Work instruction ▸ Using the listing below, set down exactly the lines starting at the line that contains "プラダ VITELLO MOVE 三つ折り財布 レッド　ゴールド金具" and ending at the line that contains "Gesehen in: Tvolsgi Buszplyaudvar, Pcs.", both included, and no others.

Provided information ▸
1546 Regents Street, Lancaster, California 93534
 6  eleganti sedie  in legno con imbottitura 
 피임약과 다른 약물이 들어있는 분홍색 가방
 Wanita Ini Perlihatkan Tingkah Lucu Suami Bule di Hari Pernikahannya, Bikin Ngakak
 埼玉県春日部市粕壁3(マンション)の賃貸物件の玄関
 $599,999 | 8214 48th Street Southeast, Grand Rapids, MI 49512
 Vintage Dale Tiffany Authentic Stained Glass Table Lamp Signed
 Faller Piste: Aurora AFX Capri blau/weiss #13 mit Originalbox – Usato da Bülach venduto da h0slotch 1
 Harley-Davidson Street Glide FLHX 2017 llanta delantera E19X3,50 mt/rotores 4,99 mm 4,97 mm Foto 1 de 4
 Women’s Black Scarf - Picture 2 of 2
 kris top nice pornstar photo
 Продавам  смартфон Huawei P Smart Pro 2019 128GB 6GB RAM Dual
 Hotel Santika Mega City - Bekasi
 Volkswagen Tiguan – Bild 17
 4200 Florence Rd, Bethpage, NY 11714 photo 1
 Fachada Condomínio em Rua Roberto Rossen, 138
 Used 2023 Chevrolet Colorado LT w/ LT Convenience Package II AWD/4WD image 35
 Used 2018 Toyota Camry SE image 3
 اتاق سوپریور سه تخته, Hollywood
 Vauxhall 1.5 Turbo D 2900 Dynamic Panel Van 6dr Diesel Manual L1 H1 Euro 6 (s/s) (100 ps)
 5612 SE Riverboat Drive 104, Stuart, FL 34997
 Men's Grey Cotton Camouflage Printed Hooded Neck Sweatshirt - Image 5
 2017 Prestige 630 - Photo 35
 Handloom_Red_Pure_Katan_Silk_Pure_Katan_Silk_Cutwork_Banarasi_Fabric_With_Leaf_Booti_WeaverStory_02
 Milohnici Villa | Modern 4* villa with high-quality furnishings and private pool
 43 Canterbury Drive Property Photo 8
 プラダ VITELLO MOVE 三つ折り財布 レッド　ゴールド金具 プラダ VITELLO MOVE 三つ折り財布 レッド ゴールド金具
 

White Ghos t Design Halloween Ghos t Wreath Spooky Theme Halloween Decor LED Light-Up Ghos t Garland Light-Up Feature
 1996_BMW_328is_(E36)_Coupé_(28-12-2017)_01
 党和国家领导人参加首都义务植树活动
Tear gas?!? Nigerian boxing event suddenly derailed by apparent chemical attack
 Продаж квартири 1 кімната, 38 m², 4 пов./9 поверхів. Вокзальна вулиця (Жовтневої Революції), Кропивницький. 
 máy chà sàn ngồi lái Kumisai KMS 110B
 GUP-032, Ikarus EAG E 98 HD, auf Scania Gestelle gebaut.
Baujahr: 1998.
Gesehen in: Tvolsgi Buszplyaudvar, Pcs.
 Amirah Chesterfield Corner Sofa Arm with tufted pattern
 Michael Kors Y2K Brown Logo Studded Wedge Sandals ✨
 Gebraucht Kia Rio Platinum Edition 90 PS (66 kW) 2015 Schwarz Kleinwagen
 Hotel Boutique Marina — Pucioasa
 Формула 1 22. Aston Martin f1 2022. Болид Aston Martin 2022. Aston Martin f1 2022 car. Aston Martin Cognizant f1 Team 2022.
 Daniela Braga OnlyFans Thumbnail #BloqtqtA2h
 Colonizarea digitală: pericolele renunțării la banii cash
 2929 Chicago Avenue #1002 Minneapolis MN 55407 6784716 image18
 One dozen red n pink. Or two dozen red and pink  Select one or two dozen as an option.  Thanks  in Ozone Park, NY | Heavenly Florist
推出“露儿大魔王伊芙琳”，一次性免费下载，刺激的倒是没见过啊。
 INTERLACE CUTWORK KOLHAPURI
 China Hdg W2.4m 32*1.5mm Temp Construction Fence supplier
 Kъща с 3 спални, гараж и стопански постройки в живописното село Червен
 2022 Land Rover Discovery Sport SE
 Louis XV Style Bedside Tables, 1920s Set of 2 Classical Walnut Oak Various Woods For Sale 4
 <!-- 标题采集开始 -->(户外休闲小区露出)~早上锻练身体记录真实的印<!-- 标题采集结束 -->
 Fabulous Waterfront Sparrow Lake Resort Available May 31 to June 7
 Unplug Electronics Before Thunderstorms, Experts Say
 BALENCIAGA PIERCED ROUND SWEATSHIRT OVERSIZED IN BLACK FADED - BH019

Answer section ▸
 プラダ VITELLO MOVE 三つ折り財布 レッド　ゴールド金具 プラダ VITELLO MOVE 三つ折り財布 レッド ゴールド金具
 

White Ghos t Design Halloween Ghos t Wreath Spooky Theme Halloween Decor LED Light-Up Ghos t Garland Light-Up Feature
 1996_BMW_328is_(E36)_Coupé_(28-12-2017)_01
 党和国家领导人参加首都义务植树活动
Tear gas?!? Nigerian boxing event suddenly derailed by apparent chemical attack
 Продаж квартири 1 кімната, 38 m², 4 пов./9 поверхів. Вокзальна вулиця (Жовтневої Революції), Кропивницький. 
 máy chà sàn ngồi lái Kumisai KMS 110B
 GUP-032, Ikarus EAG E 98 HD, auf Scania Gestelle gebaut.
Baujahr: 1998.
Gesehen in: Tvolsgi Buszplyaudvar, Pcs.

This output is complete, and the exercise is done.